The case, Mark-Anthony Conti -v- Hugh James (a firm), went to a High Court trial in London on limitation in 2003, the Defendant arguing that Mr Conti was too late to bring the claim against them. Andrew Campbell, instructed by Conti, succeeded with the case. 

The Defendant then argued that it was not negligent as the claim stood no prospects of success even had it been submitted to the MIB within the 3 year time limit by the firm (it had not). Eventually, 3 days before a 8 day trial in 2006, a 7-figure settlement (including costs) was reached. 

Speaking of this landmark case, Campbell said: “This shows the importance of lawyers being up to speed in their areas of speciality. It was unfortunate that the Defendant chose to fight the case which, in my mind, was always going to succeed. Succeed it did with a very large bill to pay including a £105,000 insurance premium, one of the largest in the history of negligence cases." 

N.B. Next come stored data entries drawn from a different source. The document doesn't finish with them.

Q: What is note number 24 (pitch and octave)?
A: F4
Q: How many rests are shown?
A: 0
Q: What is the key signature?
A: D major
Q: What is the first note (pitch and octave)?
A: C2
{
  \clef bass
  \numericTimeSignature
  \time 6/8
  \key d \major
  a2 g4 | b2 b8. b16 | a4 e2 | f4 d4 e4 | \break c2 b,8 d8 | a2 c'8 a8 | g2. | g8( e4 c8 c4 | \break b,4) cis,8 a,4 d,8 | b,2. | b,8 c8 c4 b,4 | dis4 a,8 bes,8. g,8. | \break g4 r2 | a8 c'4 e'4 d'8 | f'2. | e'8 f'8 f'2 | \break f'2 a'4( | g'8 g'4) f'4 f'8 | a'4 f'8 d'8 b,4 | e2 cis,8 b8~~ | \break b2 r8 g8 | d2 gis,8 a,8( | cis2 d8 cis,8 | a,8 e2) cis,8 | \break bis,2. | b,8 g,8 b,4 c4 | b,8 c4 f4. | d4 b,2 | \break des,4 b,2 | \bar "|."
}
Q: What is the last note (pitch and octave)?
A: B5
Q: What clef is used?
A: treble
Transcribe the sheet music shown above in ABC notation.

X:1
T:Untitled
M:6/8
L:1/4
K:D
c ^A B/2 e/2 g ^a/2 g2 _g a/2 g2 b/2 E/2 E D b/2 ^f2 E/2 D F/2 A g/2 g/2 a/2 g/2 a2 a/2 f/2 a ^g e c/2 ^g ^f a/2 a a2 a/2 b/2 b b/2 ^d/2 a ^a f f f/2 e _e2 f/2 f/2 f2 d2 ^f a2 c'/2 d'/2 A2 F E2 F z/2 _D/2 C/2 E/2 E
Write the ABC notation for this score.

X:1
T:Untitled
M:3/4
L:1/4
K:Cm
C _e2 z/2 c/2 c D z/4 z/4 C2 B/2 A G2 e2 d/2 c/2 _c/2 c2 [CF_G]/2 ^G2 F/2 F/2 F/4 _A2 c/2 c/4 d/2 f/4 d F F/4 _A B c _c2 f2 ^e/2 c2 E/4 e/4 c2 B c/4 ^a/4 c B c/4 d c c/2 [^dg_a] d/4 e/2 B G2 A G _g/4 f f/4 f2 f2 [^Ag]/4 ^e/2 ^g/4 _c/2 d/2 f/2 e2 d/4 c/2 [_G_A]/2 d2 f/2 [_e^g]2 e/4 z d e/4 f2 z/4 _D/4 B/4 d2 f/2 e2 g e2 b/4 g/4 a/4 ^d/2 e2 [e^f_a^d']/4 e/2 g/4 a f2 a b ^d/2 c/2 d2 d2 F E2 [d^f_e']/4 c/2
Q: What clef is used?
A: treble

This test case has led to Andrew being instructed in multiple other solicitors negligence cases for failure to advise an MIB application following a diesel spill accident. He has won all of them. The effect of the case has been to highlight this area of compensation so that lawyers are now aware of the rights of injured motorists, the result being that hundreds of bikers per year are now receiving compensation as a result of diesel spill accidents - compensation they would not have received were it not for this victory.